As the global streaming landscape becomes more competitive, it’s inevitable that not everyone will survive. In a world where Netflix spend billions of dollars on creating content, new competitors need to do something special to stand out. Apple TV+ did it by spending a fortune on advertising and spamming their existing customers with endless ads for their shows,

Quibi (pronounced Qwee-bee, in case it comes up in a trivia quiz) was launched by former Disney bigwig Jeffrey Katzenberg and ex-Hewlett Packard CEO Meg Whitman in April to much fanfare, announcing partnerships with big-name content creators including Guillermo del Toro, Antoine Fuqua, Jennifer Lopez and low budget horror auteur Jason Blum. Perhaps most tantalising was Steven Spielberg’s After Dark, a show so scary that it would only be watchable after the sun sets in whatever timezone you’re in.

At the same time, Quibi convinced a bunch of partners including Pepsi and Google to spend a staggering $100 million on ad space and committed to spending $500 million on marketing, decisions that probably seem rather rash in the cold hard light of day.

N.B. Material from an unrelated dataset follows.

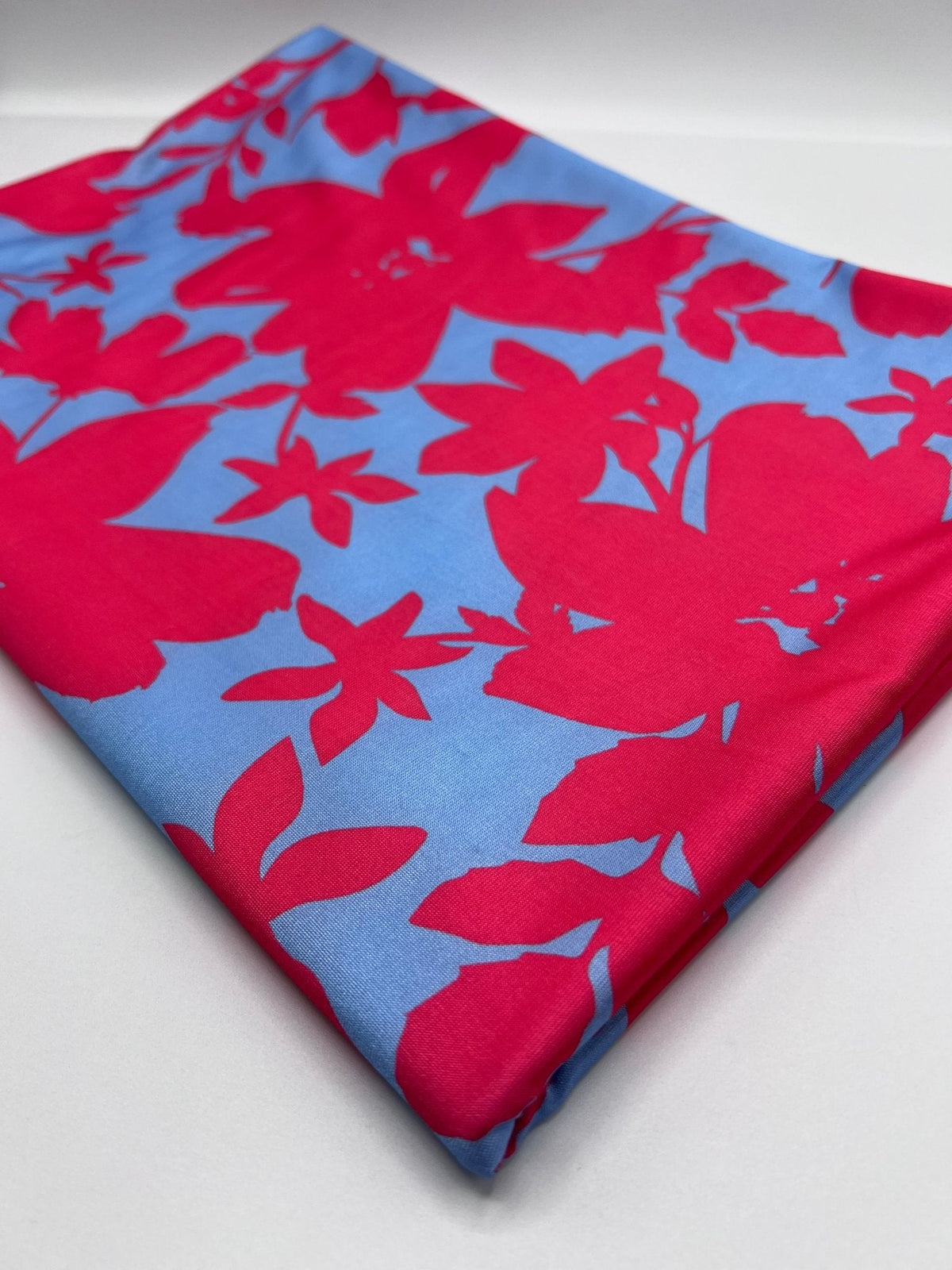 Cerise Blue Floral Print Soft Touch Stretch Fabric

Inspired by the massive popularity of TikTok and the millions who watch short form content on YouTube, all of the shows on Quibi are under 10 minutes long. While this format works okay for a sketch comedy (Reno 911), jump-scare horror (50 States of Fright) or absurdist reality (Kirby Jenner), it fails miserably when trying to generate dramatic tension (Most Dangerous Game with Liam Hemsworth) or compelling story arcs (#freerayshawn). You can also switch between watching the shows in phone-ready portrait format or more traditional landscape, but this doesn’t really add anything to the viewing experience.

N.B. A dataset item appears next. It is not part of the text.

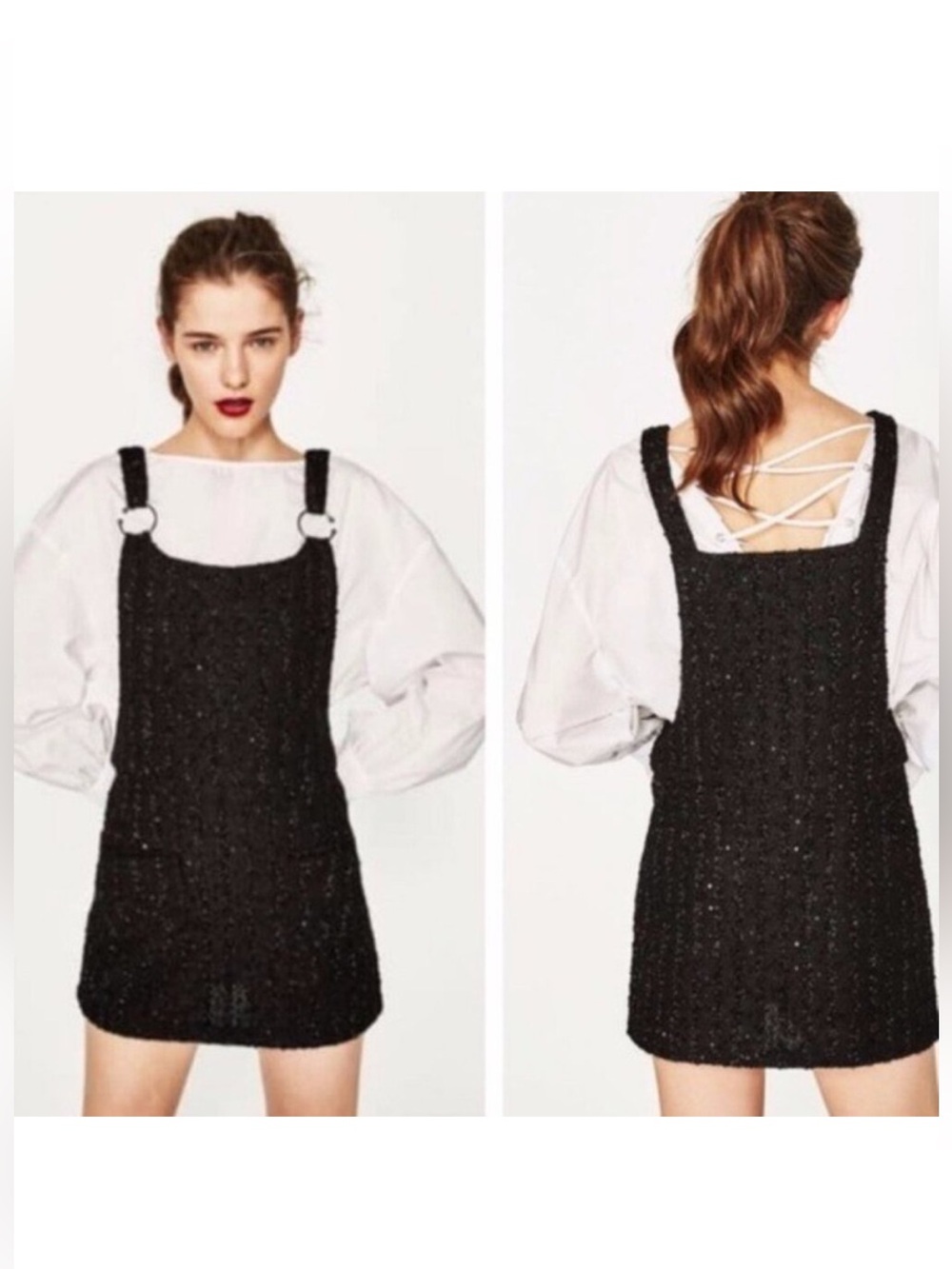 Zara Trafaluc Black Silver Sequin Tinsel Pinafore Mini Dress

The content on Quibi ranges from the vaguely entertaining (Dummy with Anna Kendrick is about a talking sex doll and is oddly charming), to the outright bizarre (Dishmantled features food being fired from a cannon into blindfolded contestant’s faces, then asks them to recreate the dish) and the downright unwatchable — think Chrissy Teigen in a Judge Judy ripoff and you’re on the right path.

Unfortunately, the thing that seems to unite the vast majority of content on Quibi is that it’s not that memorable and doesn’t really make you want to watch more. Adding insult to injury, the long promised content from del Toro and Speilberg is nowhere to be seen, presumably still in production or being re-tooled for a streaming service that isn’t circling the drain.

A quick search reveals a plethora of stories of Quibi’s woes: that they’re considering laying off 10% per cent of their employees; that senior management are taking a pay cut to keep the company alive; and that, most crucially for advertisers, Quibi is failing to attract the expected number of downloads by a huge margin.

Part of the problem with Quibi (perhaps the biggest part) is that the highly experienced founders fundamentally misunderstand their young target market. In a misguided effort to combat piracy and avoid spoilers, Quibi blocks users from taking screen shots of their content, making it near-impossible to create memes from the content. Their two major competitors (TikTok and YouTube) are free, and Quibi can’t even attract viewers by claiming to be ad-free. It’s certainly poor timing that the world has been locked down, taking away commute viewing, but the fact that other streaming services are attracting record numbers of viewers while Quibi struggles points to bigger issues.